● **WHAT IS EXPECTED**
With the pictures omitted, print exactly the lines below, from the one containing "Just Cavalli T-shirt" through the one containing "Motorcycle Sports Goggles", and nothing else.

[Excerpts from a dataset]
**********
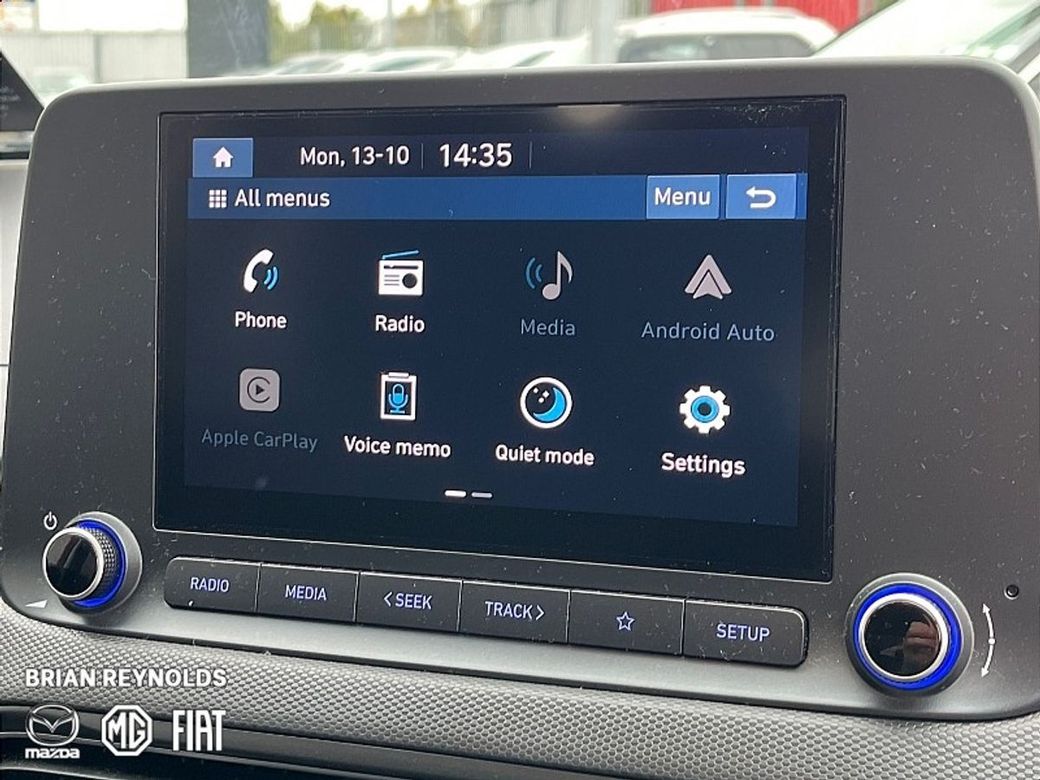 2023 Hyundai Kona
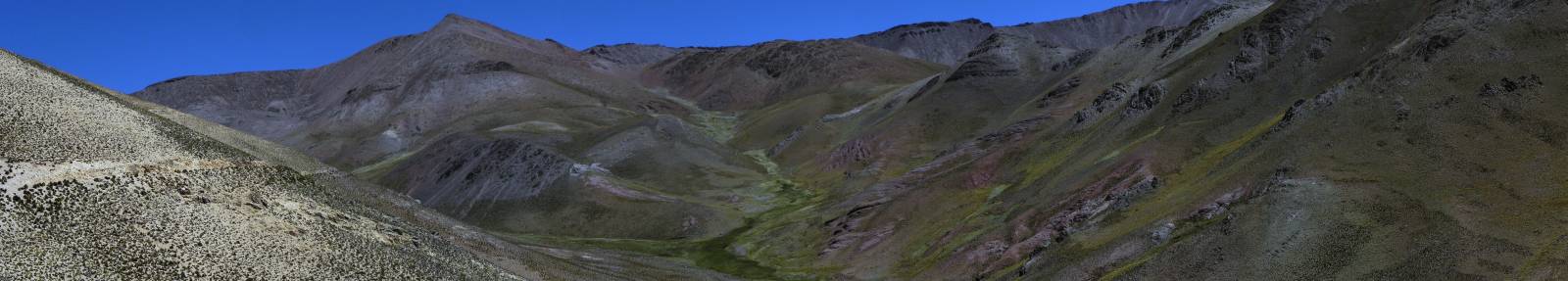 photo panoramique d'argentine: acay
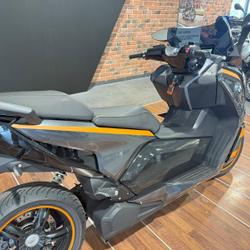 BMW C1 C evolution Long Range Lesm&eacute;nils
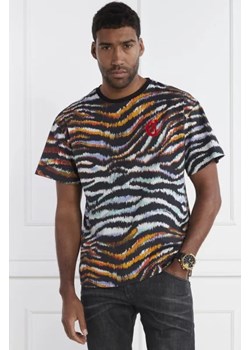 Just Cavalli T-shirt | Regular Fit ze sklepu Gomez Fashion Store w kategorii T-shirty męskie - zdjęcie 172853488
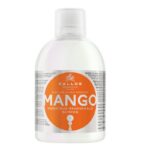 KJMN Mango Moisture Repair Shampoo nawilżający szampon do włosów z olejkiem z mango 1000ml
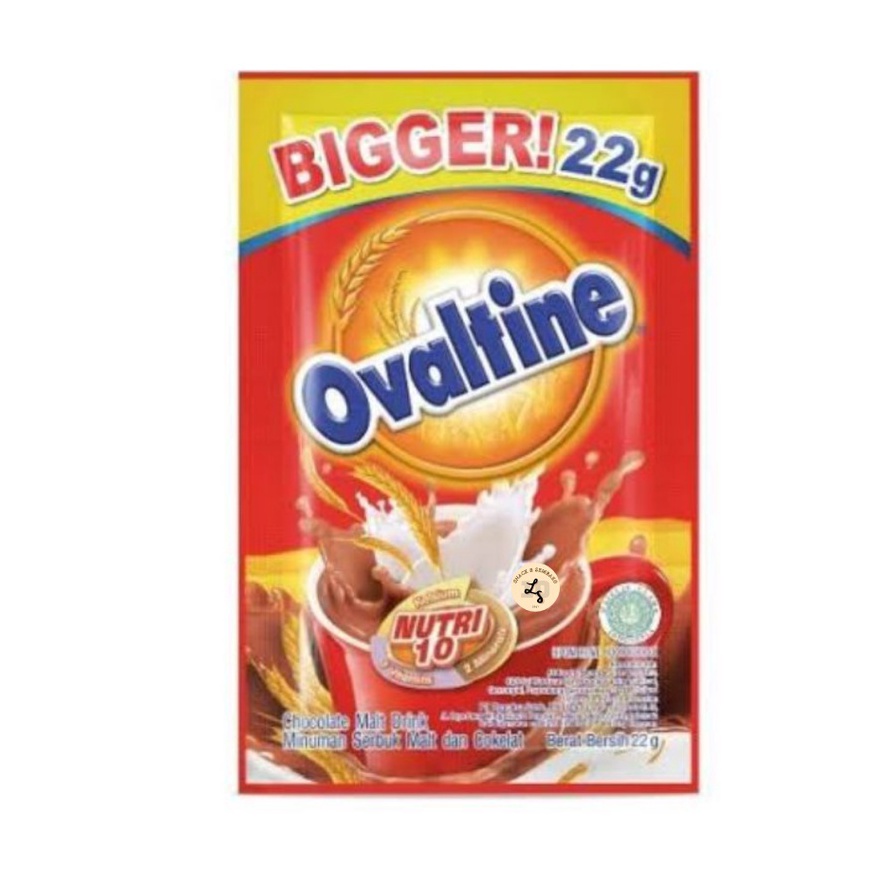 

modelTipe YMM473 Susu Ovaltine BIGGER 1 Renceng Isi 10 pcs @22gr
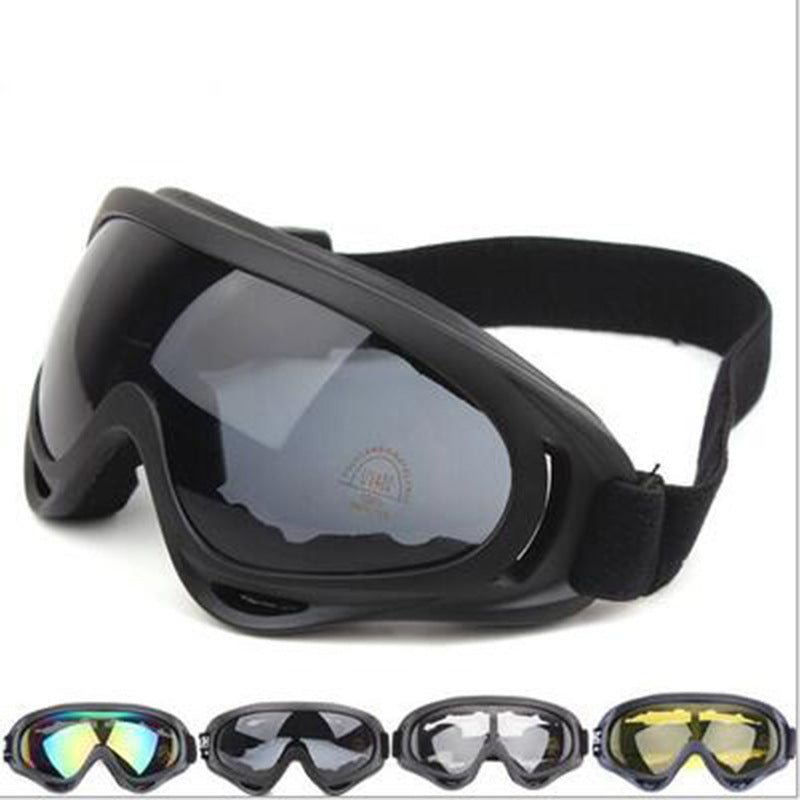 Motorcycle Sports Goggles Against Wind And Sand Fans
**********
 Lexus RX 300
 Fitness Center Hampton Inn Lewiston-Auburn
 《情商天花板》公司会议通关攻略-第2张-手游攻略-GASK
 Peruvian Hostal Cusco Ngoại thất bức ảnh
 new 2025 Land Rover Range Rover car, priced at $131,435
**********
● **FINAL ANSWER**
 Just Cavalli T-shirt | Regular Fit ze sklepu Gomez Fashion Store w kategorii T-shirty męskie - zdjęcie 172853488
 KJMN Mango Moisture Repair Shampoo nawilżający szampon do włosów z olejkiem z mango 1000ml

modelTipe YMM473 Susu Ovaltine BIGGER 1 Renceng Isi 10 pcs @22gr
 Motorcycle Sports Goggles Against Wind And Sand Fans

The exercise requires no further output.